WHAT IS EXPECTED.
What follows is a listing. Return every line of it exactly.

******

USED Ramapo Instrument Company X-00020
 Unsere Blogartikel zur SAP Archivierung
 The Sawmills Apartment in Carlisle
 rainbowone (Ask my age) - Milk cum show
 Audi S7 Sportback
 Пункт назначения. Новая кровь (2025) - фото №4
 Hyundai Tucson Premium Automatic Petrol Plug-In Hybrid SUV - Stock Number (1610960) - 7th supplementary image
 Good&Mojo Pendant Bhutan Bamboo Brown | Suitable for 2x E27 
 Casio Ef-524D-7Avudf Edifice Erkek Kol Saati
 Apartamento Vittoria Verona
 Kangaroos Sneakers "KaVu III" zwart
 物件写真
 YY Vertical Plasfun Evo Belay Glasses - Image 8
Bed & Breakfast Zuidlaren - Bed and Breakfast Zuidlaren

******

SOLVED EXERCISE.
USED Ramapo Instrument Company X-00020
 Unsere Blogartikel zur SAP Archivierung
 The Sawmills Apartment in Carlisle
 rainbowone (Ask my age) - Milk cum show
 Audi S7 Sportback
 Пункт назначения. Новая кровь (2025) - фото №4
 Hyundai Tucson Premium Automatic Petrol Plug-In Hybrid SUV - Stock Number (1610960) - 7th supplementary image
 Good&Mojo Pendant Bhutan Bamboo Brown | Suitable for 2x E27 
 Casio Ef-524D-7Avudf Edifice Erkek Kol Saati
 Apartamento Vittoria Verona
 Kangaroos Sneakers "KaVu III" zwart
 物件写真
 YY Vertical Plasfun Evo Belay Glasses - Image 8
Bed & Breakfast Zuidlaren - Bed and Breakfast Zuidlaren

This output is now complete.